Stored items
——————

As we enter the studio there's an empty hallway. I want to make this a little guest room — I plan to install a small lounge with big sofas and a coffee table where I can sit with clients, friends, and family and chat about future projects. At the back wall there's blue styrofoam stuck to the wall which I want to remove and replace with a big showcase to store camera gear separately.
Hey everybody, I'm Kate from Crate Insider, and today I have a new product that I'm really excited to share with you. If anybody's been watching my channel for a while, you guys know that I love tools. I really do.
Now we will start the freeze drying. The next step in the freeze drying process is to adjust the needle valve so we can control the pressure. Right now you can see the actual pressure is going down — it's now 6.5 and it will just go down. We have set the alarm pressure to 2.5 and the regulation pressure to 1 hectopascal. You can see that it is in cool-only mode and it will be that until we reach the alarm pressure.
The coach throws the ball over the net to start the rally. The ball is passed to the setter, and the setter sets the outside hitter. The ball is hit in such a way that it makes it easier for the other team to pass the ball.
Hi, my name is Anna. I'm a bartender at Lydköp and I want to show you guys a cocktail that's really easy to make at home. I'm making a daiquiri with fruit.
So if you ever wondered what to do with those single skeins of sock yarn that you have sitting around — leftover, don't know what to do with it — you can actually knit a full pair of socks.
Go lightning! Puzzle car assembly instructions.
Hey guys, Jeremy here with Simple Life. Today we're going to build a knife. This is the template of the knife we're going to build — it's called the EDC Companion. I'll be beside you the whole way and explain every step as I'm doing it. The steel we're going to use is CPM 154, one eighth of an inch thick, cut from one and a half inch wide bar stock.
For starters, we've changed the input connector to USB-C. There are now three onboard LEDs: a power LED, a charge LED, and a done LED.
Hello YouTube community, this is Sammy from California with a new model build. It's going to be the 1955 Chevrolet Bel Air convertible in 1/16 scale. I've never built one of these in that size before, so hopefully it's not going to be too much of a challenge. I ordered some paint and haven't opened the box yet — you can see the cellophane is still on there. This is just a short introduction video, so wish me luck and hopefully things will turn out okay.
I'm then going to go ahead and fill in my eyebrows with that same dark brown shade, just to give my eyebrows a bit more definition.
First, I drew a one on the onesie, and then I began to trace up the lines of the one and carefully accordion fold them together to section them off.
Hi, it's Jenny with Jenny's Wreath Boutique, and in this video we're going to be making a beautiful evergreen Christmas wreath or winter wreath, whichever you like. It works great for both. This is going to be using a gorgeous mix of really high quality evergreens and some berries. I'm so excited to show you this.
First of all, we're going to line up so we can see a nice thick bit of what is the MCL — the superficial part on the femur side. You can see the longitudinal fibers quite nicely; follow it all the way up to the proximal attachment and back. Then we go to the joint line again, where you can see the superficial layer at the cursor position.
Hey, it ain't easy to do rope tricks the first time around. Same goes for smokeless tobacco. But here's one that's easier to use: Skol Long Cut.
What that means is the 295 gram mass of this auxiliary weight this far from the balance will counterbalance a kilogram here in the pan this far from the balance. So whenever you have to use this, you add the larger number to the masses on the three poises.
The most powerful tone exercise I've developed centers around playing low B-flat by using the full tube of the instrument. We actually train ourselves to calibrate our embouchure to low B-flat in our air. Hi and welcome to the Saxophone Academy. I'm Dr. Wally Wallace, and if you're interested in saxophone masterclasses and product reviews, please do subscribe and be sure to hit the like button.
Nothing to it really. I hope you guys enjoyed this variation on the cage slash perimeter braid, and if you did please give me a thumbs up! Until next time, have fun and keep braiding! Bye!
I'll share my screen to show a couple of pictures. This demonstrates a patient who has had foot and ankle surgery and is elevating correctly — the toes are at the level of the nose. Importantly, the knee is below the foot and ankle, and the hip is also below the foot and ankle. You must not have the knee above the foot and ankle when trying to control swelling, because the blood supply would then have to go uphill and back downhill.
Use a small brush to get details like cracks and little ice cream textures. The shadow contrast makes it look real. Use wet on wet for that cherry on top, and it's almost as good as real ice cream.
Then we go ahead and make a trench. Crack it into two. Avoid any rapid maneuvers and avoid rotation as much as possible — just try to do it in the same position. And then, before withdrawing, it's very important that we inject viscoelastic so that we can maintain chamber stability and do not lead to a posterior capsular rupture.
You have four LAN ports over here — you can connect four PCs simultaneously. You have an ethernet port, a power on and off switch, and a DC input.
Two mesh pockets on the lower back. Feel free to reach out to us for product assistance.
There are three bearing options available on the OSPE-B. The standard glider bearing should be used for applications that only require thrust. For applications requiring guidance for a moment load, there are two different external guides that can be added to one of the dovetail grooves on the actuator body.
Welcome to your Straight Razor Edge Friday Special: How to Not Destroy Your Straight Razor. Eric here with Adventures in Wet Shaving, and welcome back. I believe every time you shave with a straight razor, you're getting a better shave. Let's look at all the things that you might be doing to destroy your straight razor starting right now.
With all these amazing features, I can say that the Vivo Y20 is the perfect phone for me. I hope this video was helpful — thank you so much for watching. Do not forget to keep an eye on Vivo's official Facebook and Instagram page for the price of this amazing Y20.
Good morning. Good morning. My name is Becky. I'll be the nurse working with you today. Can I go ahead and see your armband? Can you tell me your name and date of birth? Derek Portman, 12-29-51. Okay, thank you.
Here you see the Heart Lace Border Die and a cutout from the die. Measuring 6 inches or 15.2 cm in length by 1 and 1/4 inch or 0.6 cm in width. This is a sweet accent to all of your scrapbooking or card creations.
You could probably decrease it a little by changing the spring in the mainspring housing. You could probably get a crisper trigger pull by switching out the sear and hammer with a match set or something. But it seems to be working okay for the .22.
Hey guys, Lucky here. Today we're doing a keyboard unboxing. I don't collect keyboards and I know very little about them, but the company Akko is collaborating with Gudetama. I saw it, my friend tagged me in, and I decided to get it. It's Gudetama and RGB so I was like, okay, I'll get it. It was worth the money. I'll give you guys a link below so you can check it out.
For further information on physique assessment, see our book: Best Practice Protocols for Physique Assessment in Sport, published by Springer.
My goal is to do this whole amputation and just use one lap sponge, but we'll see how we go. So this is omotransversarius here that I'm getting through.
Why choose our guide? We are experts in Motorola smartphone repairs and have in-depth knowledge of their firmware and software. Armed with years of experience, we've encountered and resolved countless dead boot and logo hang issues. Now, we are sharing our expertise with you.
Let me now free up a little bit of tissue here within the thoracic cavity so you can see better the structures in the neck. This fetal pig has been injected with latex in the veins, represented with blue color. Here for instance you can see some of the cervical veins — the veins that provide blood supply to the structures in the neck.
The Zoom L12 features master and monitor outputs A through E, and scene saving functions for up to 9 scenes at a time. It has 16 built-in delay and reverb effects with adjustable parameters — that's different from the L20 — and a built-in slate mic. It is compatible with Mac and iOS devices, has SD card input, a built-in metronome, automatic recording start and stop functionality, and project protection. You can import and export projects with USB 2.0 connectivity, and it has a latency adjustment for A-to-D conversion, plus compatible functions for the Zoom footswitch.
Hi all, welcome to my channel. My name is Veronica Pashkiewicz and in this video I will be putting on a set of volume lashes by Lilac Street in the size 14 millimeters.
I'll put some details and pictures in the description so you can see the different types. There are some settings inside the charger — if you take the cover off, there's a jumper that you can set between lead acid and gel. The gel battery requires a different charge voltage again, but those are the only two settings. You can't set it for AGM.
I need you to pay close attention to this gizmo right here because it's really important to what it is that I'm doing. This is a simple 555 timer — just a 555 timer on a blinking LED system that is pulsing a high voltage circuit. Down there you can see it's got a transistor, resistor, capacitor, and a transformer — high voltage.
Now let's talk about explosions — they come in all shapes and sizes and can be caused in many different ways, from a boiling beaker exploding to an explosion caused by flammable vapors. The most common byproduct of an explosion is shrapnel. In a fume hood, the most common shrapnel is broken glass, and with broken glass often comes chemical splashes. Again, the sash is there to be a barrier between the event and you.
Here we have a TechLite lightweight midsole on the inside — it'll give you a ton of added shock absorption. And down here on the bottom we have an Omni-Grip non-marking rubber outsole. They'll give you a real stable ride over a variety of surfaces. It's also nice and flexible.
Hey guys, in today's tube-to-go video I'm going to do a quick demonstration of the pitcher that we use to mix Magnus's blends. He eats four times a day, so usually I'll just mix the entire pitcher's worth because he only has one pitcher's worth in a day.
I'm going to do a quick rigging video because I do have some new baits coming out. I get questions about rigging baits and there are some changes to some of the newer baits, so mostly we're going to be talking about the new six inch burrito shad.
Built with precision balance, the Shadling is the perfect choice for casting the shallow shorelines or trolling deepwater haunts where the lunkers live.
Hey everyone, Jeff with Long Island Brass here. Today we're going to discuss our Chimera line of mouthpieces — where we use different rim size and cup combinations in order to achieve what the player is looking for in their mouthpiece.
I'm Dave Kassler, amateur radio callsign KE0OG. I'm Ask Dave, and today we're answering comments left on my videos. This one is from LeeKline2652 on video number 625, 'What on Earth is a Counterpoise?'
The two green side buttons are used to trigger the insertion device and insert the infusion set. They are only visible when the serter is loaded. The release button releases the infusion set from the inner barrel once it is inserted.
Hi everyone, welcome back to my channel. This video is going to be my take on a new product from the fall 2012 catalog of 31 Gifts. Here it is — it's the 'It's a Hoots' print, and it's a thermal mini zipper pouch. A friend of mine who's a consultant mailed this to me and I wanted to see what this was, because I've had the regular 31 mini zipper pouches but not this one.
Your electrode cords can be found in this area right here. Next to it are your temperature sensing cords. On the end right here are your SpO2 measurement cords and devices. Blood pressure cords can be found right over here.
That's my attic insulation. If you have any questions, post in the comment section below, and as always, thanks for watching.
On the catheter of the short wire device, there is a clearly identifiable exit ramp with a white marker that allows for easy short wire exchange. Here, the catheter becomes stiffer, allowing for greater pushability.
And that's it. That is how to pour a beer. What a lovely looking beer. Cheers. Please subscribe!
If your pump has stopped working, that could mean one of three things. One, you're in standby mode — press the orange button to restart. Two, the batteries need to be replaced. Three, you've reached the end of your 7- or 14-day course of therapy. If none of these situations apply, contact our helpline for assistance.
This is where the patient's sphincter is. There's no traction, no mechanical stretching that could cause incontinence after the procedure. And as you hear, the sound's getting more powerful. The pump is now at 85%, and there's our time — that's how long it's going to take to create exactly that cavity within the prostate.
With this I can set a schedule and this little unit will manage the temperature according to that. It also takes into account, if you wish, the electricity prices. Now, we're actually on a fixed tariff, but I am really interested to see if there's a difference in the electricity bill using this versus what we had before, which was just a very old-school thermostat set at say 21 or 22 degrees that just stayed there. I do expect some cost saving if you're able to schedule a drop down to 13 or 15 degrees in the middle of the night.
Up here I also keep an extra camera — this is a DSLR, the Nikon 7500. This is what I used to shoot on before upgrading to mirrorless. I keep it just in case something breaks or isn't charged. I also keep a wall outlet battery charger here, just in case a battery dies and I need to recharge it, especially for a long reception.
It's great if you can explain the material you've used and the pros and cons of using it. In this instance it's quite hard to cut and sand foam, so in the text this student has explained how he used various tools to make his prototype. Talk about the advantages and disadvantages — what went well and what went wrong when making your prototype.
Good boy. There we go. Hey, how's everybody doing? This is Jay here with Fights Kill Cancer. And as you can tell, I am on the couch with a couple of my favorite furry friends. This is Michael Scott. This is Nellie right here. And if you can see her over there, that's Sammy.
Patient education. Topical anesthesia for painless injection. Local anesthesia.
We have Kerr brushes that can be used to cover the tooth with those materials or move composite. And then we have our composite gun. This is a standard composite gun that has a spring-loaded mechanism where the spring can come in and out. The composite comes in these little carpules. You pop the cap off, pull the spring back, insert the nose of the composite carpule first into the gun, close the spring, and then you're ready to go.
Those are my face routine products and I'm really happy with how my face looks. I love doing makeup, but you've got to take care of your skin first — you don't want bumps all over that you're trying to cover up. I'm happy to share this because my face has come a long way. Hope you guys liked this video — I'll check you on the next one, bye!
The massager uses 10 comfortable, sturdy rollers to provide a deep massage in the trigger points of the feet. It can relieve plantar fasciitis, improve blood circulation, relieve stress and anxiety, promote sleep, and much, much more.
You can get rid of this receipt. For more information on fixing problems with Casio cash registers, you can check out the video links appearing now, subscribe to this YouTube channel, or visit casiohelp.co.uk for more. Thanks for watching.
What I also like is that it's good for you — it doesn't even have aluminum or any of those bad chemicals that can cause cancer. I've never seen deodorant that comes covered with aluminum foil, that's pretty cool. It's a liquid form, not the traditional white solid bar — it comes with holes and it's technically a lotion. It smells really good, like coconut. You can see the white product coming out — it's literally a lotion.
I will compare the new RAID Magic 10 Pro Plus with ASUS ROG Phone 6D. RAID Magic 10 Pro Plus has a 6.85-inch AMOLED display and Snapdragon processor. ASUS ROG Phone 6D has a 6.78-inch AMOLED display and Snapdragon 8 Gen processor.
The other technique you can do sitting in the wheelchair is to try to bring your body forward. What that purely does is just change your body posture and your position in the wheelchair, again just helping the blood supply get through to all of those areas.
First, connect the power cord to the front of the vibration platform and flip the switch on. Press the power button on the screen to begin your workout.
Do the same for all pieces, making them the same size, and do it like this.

——————

** Exercise directions **
Scan the lines above, and whenever one holds the string "coming", copy it.

** Answer box **
I'm going to do a quick rigging video because I do have some new baits coming out. I get questions about rigging baits and there are some changes to some of the newer baits, so mostly we're going to be talking about the new six inch burrito shad.
What I also like is that it's good for you — it doesn't even have aluminum or any of those bad chemicals that can cause cancer. I've never seen deodorant that comes covered with aluminum foil, that's pretty cool. It's a liquid form, not the traditional white solid bar — it comes with holes and it's technically a lotion. It smells really good, like coconut. You can see the white product coming out — it's literally a lotion.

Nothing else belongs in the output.